Echoey editorials liken his loyal infrastructure—volunteers dreaming of a three-pronged revolution: fifteen-dollar minimum wage, free college, a ban on fracking—to a Tea Party of the left. And it’s true some of the movement flocked to the candidate from moldy Occupy Wall Street holdouts. For some, the Sanders movement is basically “an institutionalized Occupy Wall Street” or so Sebastian, a rising junior at George Mason University, told me at the rally while we waited for the candidate: “Occupy didn’t really have, like, a head, and so they kind of find a head in Bernie.” Sebastian would have been too young to camp out in Zuccotti Park. Many more than came over from Occupy had never thought twice about progressive activism—or, as first time voters, about any political activity. Voters in their late teens and twenties overwhelmingly choose him over Hillary Clinton.
Rob and Jessica, teenagers from New Jersey, came down for their last chance to hear his stump speech. “I’ve heard it before, but I want to see it live,” Rob said. “It’s the difference between seeing a musician live and listening to their album.” I asked if he thought there’d ever been so successful a presidential candidate legitimately comparable to a rock star—”William Jennings Bryan?” said Rob, who starts at University of Chicago in the fall. “Donald Trump,” he added. He trusts Sanders’ influence will continue on campus, “Young people support Sanders 5 to 1. Like, if you’re on a college campus, it’s young people.”
Alex, who’ll start at Virginia Commonwealth University in August, says the Sanders movement is too big to fail. The campaign, per Alex, represents “something that’s going to transcend this election.” Over the swelling intro to Simon & Garfunkel’s “America” he explained how Bernie’s paved the way—”Maybe in future elections we’ll see a candidate like him, and not someone like Hillary, who’s had to force herself to go to the left to become a viable candidate. Someone who’s like him, who’s been like that from the start, will come along, and then it will be real change.” Someone like you, kid? “Maybe in, like, 18 years, you know.” In 18 years, Alex will be 36.

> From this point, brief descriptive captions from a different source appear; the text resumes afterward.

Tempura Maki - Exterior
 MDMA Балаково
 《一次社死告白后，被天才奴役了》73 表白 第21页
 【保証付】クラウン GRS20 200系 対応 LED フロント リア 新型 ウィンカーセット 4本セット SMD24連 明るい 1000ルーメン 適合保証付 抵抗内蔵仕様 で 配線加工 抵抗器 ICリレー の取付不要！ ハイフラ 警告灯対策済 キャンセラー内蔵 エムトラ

And 18 years leaves plenty of time for a good kid to dive into the Kool-Aid. William and Mary College Socialists Nico and Adam, for example, understand the movement’s inevitable trajectory. “We just hope it becomes more of an anti-capitalist movement,” Nico said. Bernie Sanders’ democratic socialism has been a bit of drag on their organization in roughly the same way the age of Sanders is hard on the far left’s intellectual purity. While, as the young comrades explained, calling yourself a socialist means you agree with Karl Marx, “There were some Marxist-Leninists who left because they didn’t like the group. We need to work on PR.”
The early crowd at Thursday’s rally skewed millennial, but closer to six, nine-to-fivers trickling in upped the median age. Joe, an engineer in his mid-thirties, was the only man at the rally wearing a suit. He can’t forgive Obama’s Clinton endorsement, but it’s not surprising what with “corporate-interest oligarchy” puppeteering the former rivals. Still, Joe thinks Bernie Sanders is a capitalist deep down: “Capitalism in this country is obviously a good thing.” Joe quoted Sanders’ favorite figures on the sliver of the one-percent that decides our collective fate but brushed aside the candidate’s radical messaging—”He’s not trying to have a completely, like, socialist country. I think he agrees with capitalism.”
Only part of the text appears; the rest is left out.